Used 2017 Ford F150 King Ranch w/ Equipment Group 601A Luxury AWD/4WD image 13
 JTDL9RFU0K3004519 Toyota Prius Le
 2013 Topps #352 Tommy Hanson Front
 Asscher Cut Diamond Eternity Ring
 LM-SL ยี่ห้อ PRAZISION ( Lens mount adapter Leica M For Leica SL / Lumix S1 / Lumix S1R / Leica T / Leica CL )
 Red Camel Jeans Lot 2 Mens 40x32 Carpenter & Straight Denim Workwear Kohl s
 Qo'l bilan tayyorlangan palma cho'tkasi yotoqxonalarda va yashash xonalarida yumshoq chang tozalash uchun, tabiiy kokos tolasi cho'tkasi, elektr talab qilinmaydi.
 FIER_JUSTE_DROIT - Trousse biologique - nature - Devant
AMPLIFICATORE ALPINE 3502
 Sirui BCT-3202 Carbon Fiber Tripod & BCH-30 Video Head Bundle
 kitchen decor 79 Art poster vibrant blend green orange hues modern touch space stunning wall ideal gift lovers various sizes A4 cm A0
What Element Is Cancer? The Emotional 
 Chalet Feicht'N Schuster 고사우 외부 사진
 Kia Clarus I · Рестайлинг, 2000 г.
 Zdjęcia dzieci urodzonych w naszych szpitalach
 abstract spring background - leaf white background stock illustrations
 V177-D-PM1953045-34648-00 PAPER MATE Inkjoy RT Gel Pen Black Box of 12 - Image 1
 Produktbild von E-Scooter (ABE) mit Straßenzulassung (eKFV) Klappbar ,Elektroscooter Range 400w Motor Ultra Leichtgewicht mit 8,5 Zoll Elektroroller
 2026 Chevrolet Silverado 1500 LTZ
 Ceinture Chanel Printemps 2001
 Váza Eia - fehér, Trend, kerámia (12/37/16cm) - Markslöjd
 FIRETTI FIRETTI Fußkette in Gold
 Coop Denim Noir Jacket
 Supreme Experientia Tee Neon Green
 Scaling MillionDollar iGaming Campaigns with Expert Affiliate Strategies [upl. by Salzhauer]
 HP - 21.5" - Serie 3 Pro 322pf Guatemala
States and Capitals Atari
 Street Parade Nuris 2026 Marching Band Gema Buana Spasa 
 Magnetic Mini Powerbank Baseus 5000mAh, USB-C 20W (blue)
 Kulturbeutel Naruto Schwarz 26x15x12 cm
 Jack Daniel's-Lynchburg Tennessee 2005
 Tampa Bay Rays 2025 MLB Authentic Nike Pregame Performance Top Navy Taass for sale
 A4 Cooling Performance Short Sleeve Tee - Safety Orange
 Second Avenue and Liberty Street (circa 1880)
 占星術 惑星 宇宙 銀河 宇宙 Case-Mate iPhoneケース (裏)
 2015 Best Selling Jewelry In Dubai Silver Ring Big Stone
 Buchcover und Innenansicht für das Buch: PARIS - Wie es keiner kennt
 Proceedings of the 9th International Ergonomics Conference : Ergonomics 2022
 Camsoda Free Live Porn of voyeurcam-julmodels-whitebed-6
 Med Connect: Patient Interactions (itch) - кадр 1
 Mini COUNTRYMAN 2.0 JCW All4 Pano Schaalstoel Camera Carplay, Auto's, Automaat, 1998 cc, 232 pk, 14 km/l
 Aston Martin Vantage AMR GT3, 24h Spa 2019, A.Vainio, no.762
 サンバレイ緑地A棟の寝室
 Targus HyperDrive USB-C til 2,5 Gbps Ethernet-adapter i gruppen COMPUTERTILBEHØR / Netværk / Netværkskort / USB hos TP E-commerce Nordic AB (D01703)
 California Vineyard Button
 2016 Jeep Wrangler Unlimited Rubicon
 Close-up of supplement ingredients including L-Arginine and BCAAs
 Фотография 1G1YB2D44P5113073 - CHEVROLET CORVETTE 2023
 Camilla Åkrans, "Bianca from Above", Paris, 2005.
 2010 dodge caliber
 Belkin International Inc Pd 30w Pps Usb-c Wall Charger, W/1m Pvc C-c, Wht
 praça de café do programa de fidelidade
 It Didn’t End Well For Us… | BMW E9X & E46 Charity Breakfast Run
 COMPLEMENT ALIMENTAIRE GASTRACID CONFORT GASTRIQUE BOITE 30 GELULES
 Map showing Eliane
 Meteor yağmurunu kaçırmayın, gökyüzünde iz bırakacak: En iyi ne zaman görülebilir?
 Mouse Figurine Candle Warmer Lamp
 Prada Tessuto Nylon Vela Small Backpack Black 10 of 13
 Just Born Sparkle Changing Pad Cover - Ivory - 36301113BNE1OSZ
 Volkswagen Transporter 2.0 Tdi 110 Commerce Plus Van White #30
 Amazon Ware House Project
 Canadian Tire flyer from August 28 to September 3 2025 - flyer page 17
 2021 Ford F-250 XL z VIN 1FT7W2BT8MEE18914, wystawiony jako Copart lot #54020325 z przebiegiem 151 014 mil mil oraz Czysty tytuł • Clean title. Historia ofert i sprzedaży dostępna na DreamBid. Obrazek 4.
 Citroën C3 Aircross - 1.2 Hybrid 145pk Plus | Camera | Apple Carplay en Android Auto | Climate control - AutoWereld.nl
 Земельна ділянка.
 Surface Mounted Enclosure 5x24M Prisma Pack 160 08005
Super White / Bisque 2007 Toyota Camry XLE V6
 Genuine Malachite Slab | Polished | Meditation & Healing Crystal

WHAT IS NEEDED
From the entries above, give again exactly the lines running from the line with "FIER_JUSTE_DROIT - Trousse" to the line with "Sirui BCT-3202 Carbon"; include both of those lines.

SOLUTION TO THE EXERCISE
 FIER_JUSTE_DROIT - Trousse biologique - nature - Devant
AMPLIFICATORE ALPINE 3502
 Sirui BCT-3202 Carbon Fiber Tripod & BCH-30 Video Head Bundle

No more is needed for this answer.